Background: Although the crocodilepox virus (CRV) is currently unclassified, phylogenetic analyses suggest that its 
closest known relatives are molluscum contagiosum virus (MCV) and the avipox viruses. The CRV genome is 
approximately 190 kb and contains a large number of unique genes in addition to the set of conserved 
Chordopoxvirus genes found in all such viruses. Upon sequencing the viral genome, others noted that this virus 
was also unusual because of the lack of a series of common immuno-suppressive genes. However, the genome 
contains multiple genes of unknown function that are likely to function in reducing the anti-viral response of the 
host. 

Results: By using sensitive database searches for similarity, we observed that gene 157 of CRV-strain Zimbabwe 
(CRV-ZWE) encodes a protein with a domain that is predicted to bind dsRNA. Domain characterization supported 
this prediction, therefore, we tested the ability of the Robetta protein structure prediction server to model the 
amino acid sequence of this protein on a well-characterized RNA binding domain.
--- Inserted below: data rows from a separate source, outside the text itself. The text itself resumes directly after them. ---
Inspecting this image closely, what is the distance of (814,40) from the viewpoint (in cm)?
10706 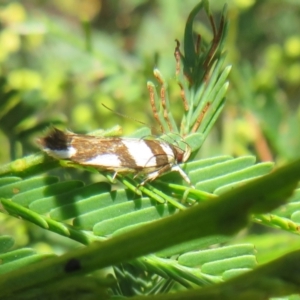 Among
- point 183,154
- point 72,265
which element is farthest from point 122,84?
point 72,265

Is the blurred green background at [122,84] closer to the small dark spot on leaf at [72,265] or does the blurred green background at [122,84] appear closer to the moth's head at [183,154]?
the moth's head at [183,154]

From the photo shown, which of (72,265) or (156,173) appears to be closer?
(72,265)

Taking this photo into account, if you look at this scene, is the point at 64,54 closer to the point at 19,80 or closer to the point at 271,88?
the point at 19,80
The model generated by 
Robetta suggests that CRV-ZWE-157 does indeed contain an RNA binding domain; the model could be overlaid on 
the template protein structure with high confidence. 

Conclusion: We hypothesize that CRV-ZWE-157 encodes a novel poxvirus RNA binding protein and suggest that as 
a non-core gene it may play a role in host-range determination or function to dampen host anti-viral responses. 
Potential targets for this CRV protein include the host interferon response and miRNA pathways.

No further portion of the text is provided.